Hume Township is a civil township of Huron County in the U.S. state of Michigan. As of the 2020 census, the township population was 739.

==Communities==
- The village of Kinde is at the southeast corner of the township, though none of it is within the township.
- Port Crescent is a ghost town at the mouth of the Pinnebog River on Lake Huron and is now part of Port Crescent State Park.
- Pinnebog is a tiny unincorporated community in the southwest of the township, on the boundary with Meade Township at Kinde and Pinnebog roads .

==History==
The township is named after the first white settler in the area, Walter Hume, who arrived and built the first house in the 1850s. He also opened a hotel at the mouth of the Pinnebog River, which was probably the first such structure in this part of the county. Township government was organized in 1860, with the election being held at Hume's store and with Hume being elected the first supervisor. The land was once covered by stands of pine trees, which were long ago cleared and sent to saw mills at Port Crescent on the mouth of the Pinnebog River. The Port Huron Fire of 1871 and Thumb Fire of 1881 also destroyed much remaining timber land.

==Geography==
According to the United States Census Bureau, the township has a total area of 30.0 sqmi, of which 30.0 sqmi is land and 0.04 sqmi (0.10%) is water.

==Demographics==
As of the census of 2000, there were 801 people, 369 households, and 232 families residing in the township. The population density was 26.7 PD/sqmi. There were 853 housing units at an average density of 28.4 /sqmi. The racial makeup of the township was 99.50% White, 0.12% Native American, 0.25% Asian, and 0.12% from two or more races. Hispanic or Latino of any race were 0.62% of the population.
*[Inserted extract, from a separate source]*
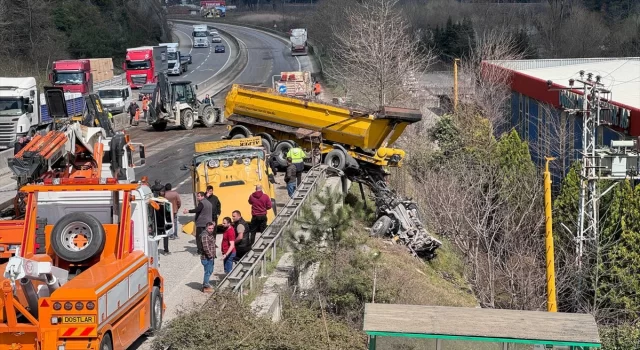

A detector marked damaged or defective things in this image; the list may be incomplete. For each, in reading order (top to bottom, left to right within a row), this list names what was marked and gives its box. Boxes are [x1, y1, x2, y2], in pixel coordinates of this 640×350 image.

overturned yellow truck [222, 85, 442, 260]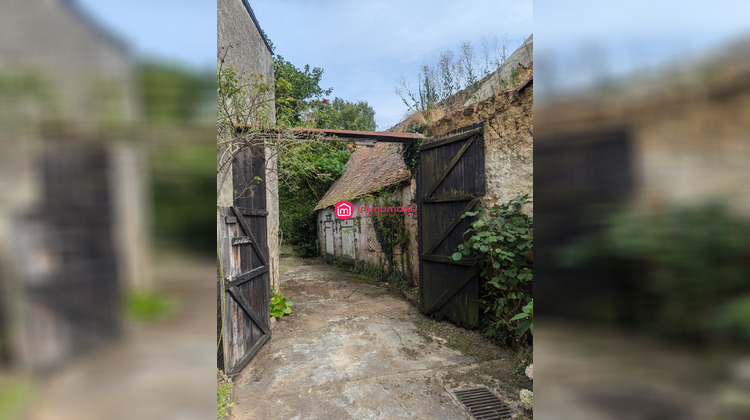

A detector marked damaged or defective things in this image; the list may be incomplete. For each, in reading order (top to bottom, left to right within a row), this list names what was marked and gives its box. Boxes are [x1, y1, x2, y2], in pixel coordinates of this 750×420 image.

cracked concrete ground [232, 256, 532, 420]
There were 369 households, out of which 22.5% had children under the age of 18 living with them, 56.1% were married couples living together, 4.1% had a female householder with no husband present, and 36.9% were non-families. 32.2% of all households were made up of individuals, and 17.3% had someone living alone who was 65 years of age or older. The average household size was 2.17 and the average family size was 2.76.

In the township the population was spread out, with 18.4% under the age of 18, 5.9% from 18 to 24, 22.2% from 25 to 44, 30.0% from 45 to 64, and 23.6% who were 65 years of age or older. The median age was 47 years. For every 100 females, there were 109.1 males. For every 100 females age 18 and over, there were 101.2 males.

The median income for a household in the township was $33,047, and the median income for a family was $42,361. Males had a median income of $31,029 versus $19,886 for females. The per capita income for the township was $18,810. About 6.2% of families and 9.2% of the population were below the poverty line, including 12.1% of those under age 18 and 6.0% of those age 65 or over.